Röpke stond met deze denkbeelden niet alleen. Ook de Zwitserse theoloog Emil Brunner – van protestantse huize – meende dat neoliberale economische denkbeelden, een op de christendemocratie geïnspireerde decentrale staat en een christelijke ethiek de basis moesten vormen voor de naoorlogse orde. 6 Ook hij sprak in dit verband van een ‘derde weg’, en vond daarbij Franz Böhm aan zijn zijde, een neoliberaal van de West-Duitse CDU die een vergelijkbare politieke koers verdedigde onder de noemer ‘de verantwoordelijke maatschappij’. 7 Röpke, Brunner en Böhm maakten hierbij behendig gebruik van het feit dat de christendemocraten slechts met grote moeite een eigen economische koers uitzetten, terwijl zij binnen de economische wetenschappen (in tegenstelling tot bijvoorbeeld het recht) nooit school hadden gemaakt. 8 De reden hiervoor was eenvoudig: omdat de christelijke partijen werkgevers en werknemers op religieuze gronden aan zich bonden, waren zij op economisch terrein kwetsbaar voor een belangenconflict tussen kapitaal en arbeid.
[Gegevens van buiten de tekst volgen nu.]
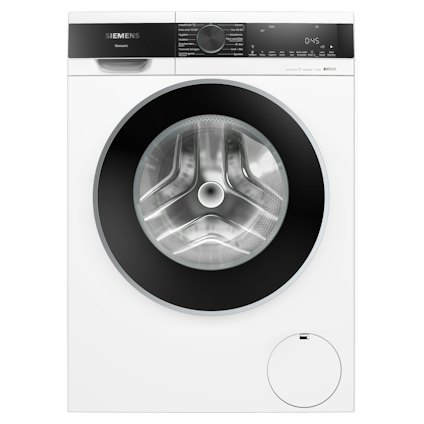 Siemens WG46G2ZKNL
Een eenduidig economisch programma kwam hierdoor niet of nauwelijks van de grond: waar voor de arbeidersvleugel de sociaaldemocratie lonkte, waren werkgevers tot het klassiek liberalisme geneigd. Deze interne verdeeldheid bood zowel aan sociaaldemocraten als neoliberalen ruimte om, juist op economisch terrein, binnen de christelijke partijen invloed te verwerven.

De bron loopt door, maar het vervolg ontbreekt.